Free Republic
Browse · Search
News/Activism
Topics · Post Article

To: thirdheavenward
I am not really an expert on Cosmology, but I suspect that the author of this article isn't one either.

As a matter of fact, he's one of the premier experts on cosmology in the world (and a colleague of mine here at Penn). When it comes to testing cosmological models against hard observational data, there's none better.

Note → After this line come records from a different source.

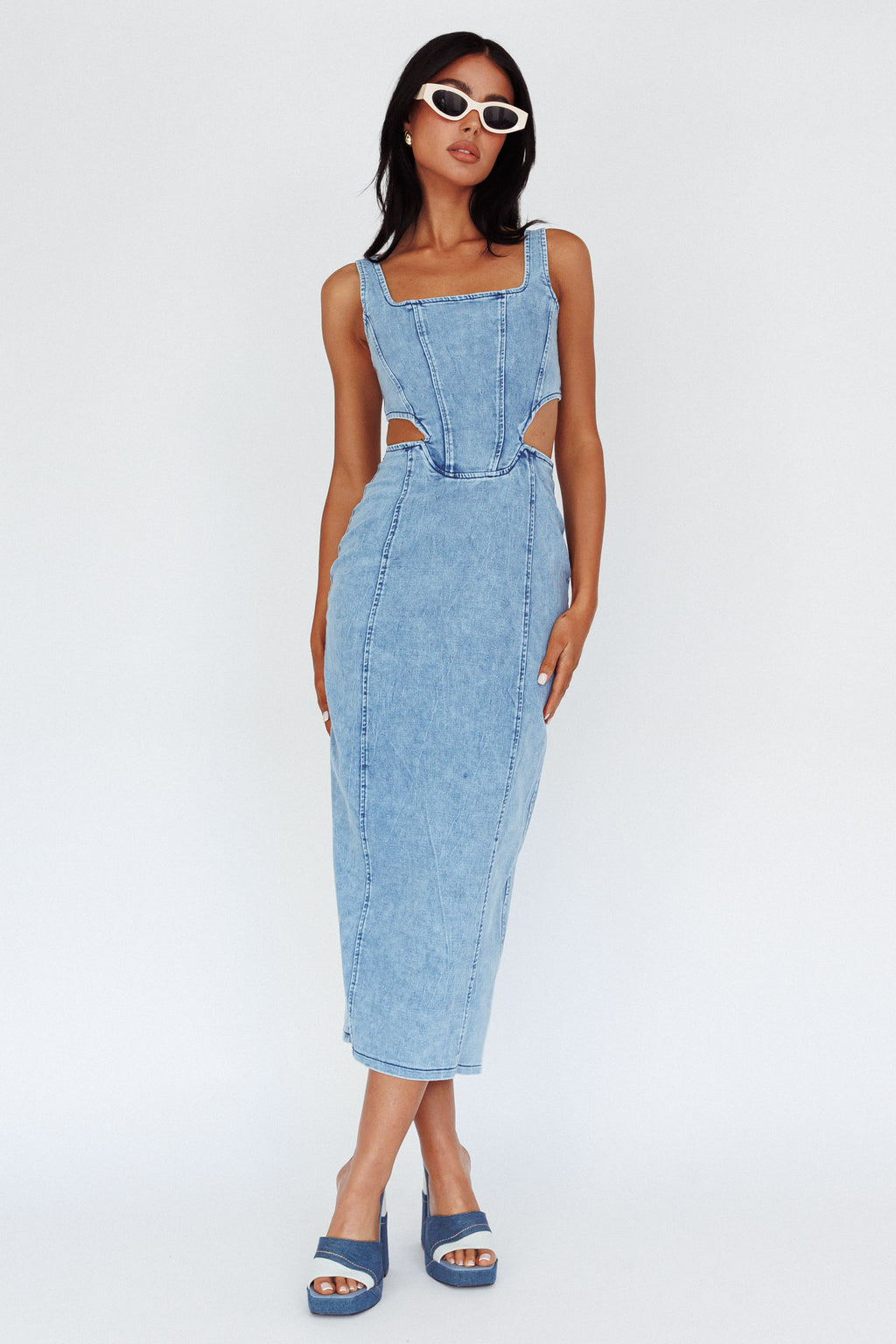 Kainani Cut-Out Waist Midi Dress Denim Blue by Selfie Leslie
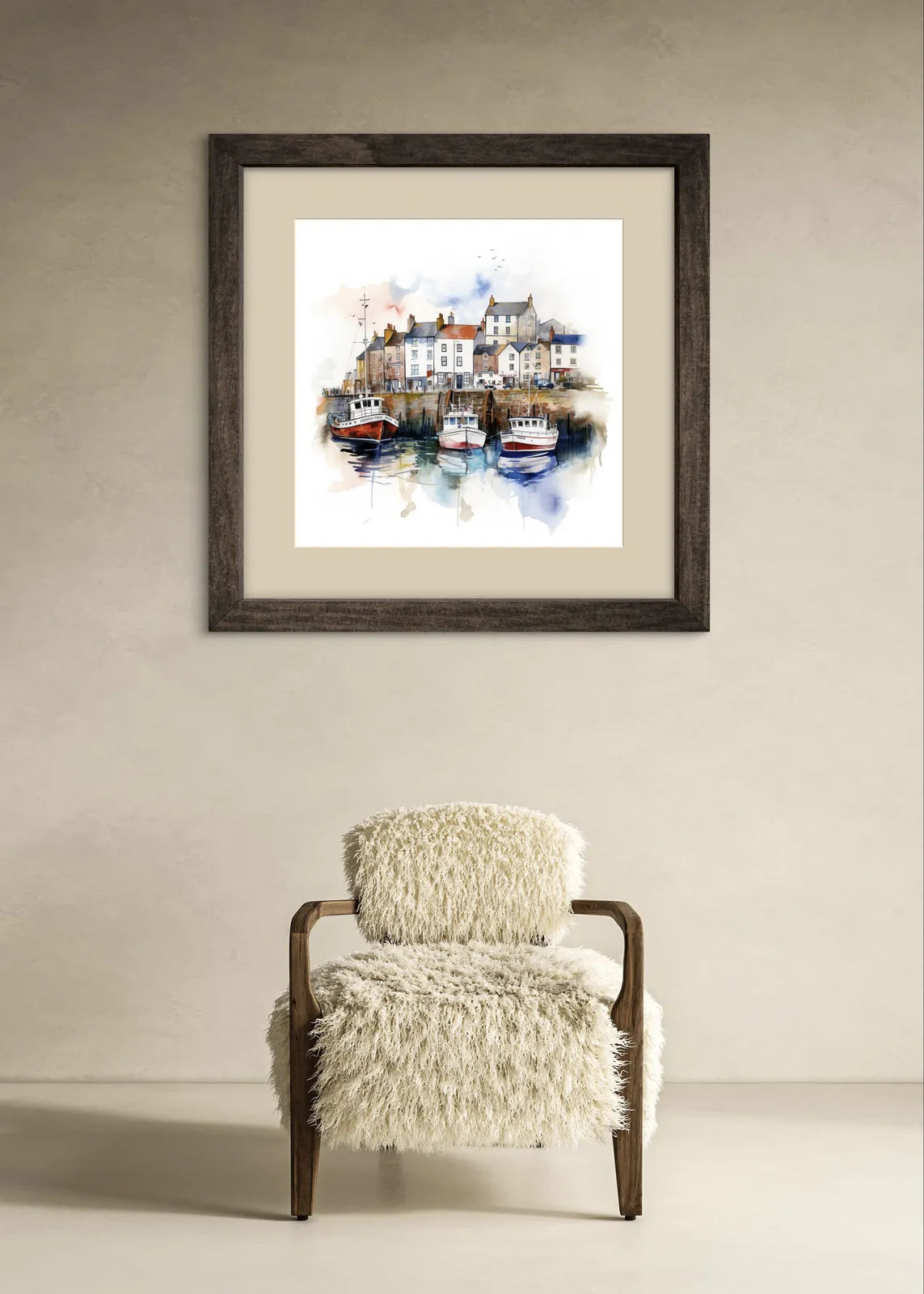 Watercolour painting of a harbour with colourful fishing boats and coastal cottages.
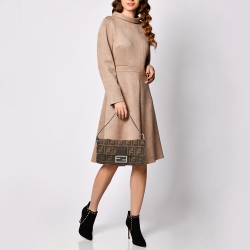 Fendi Brown Zucca Canvas And Leather Baguette Bag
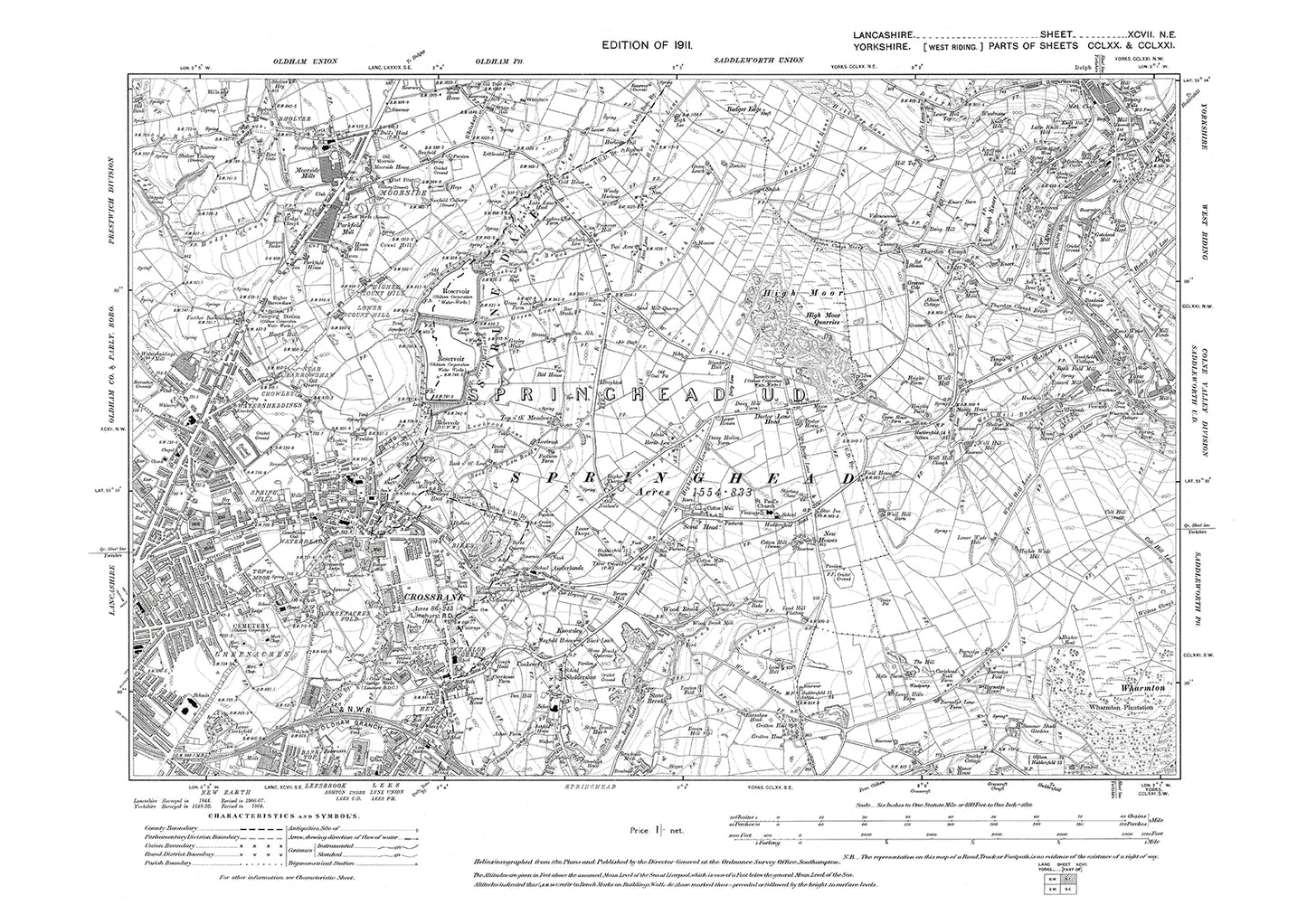 Oldham (north east) - Lancashire in 1911 : 97NE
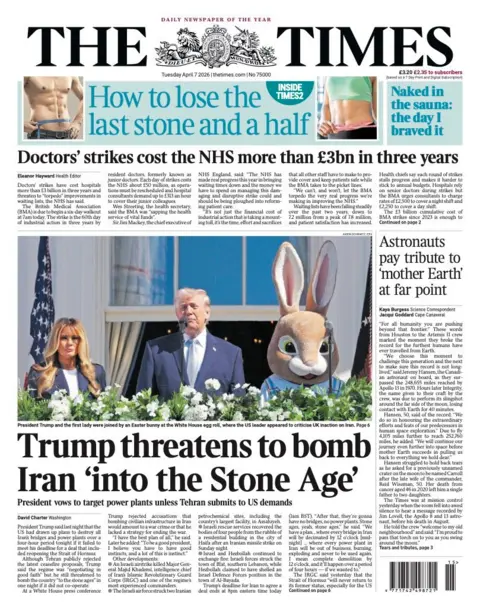 The headline on the front page of the Times reads: "Trump threatens to bomb Iran 'into the Stone Age'".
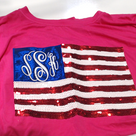BLOOPER CLOTHING: Monogrammed Sequin Flag Tee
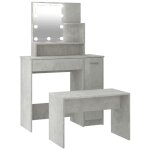 Vidaxl ensemble de coiffeuse avec led gris bton bois d'ingnierie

The Big Bang theory stipulates that at the beginning the volume of the universe was zero. After that, it expanded (extremely rapidly) and continues to do so, such that the total volume of the universe grew and continues to grow at a high but finite rate.

That refers to our horizon, but not to the whole. In the standard Friedmann cosmology, the volume of the universe can be represented as the "surface" of a 4-dimensional hypersphere. We have a finite horizon, or "Hubble volume"--the volume of the universe that is receding from us at a velocity less than the velocity of light--but the whole is (in principle) finite, too: it eventually curves back upon itself.

[Geek alert: read carefully what I said. In any cosmological model, there will be parts of the universe that are receding faster than light. This does not violate special relativity, because these regions are out of causal contact with us.]

The question remains: what is the radius of that hypersphere? It could be anything, according to Friedmann; it's just something you have to measure. On Earth, for example, you can measure the radius of the Earth simply by noting that an equilateral triangle, 10 million meters on each side, will have interior angles of 90 degrees each, rather than the 60 degrees of a small equilateral triangle.

We now (as of 4 months ago) have a similar measure for the largest possible triangles that can be drawn in our Hubble volume. No matter how big, the interior angles sum to 180 degrees. This corresponds to a hypersphere of infinite radius; in other words, the universe is flat.

This agrees with the theoretical prediction of Inflationary Cosmology.

[Geek alert: the curvature could also have been negative, in which case the universe would have a hyperbolic shape, rather than a hyperspherical shape.]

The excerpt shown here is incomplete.